Proactive Investors - Teck Resources (TSX:TECKa) Ltd (TSX:TECK.B)'s sale of its interest in EVR to Glencore (LON:GLEN) marks its shift into a pure-play base metals miner, boosting its balance sheet strength and potential for capital returns, according to analysts who also see potential undervaluation in its shares.
The move also positions the company favorably in terms of its organic growth pipeline, according to analysts.
As Jefferies analysts write, the regulatory process “is proceeding in line with expectations.”
Closing in 2Q is possible, analysts believe.
“The US$6.9 billion of proceeds will be used to reduce net debt and to repurchase shares and/or pay dividends,” Jefferies writes.
Following Teck's commitment to allocate at least 30% of its available cash flow towards returns to shareholders, Jefferies sees an allocation of US$2 billion towards share repurchases utilizing the proceeds from the Glencore transaction, alongside the initial reduction of debt to achieve a net cash position on the balance sheet.
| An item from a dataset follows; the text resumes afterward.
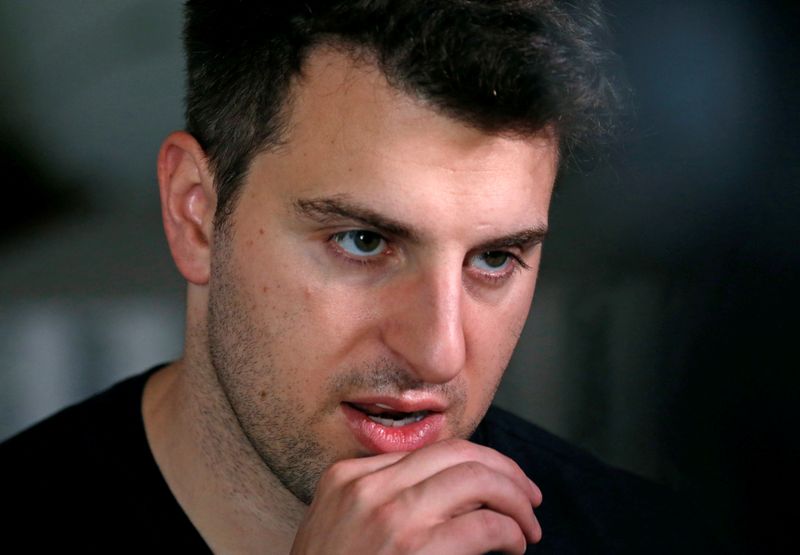 © Reuters. FILE PHOTO: FILE PHOTO: Co-founder and CEO of Airbnb Brian Chesky speaks during an interview in Langa township, Cape Town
Despite Teck's plan to return a significant portion of its available cash flow and the potential upside for its shares, there remains a notable discount in the valuation of its copper business compared to its peers – as much as 16%, according to Jefferies. This suggests that Teck may be undervalued as it transitions into a pure-play base metals miner with strong growth prospects and significant potential for capital returns.
Teck's shares may be undervalued relative to its future prospects, potentially making it an attractive investment opportunity.
“The bottom line is that Teck is transforming into an undervalued copper miner with imminent de-leveraging and capital return potential, copper volume growth (to 550-620kt total production on a consolidated basis) and low geopolitical risk,” Jefferies noted.
“Given this unusual combination, we would not rule out Teck being a part of the broader trend of industry consolidation. Stay long.”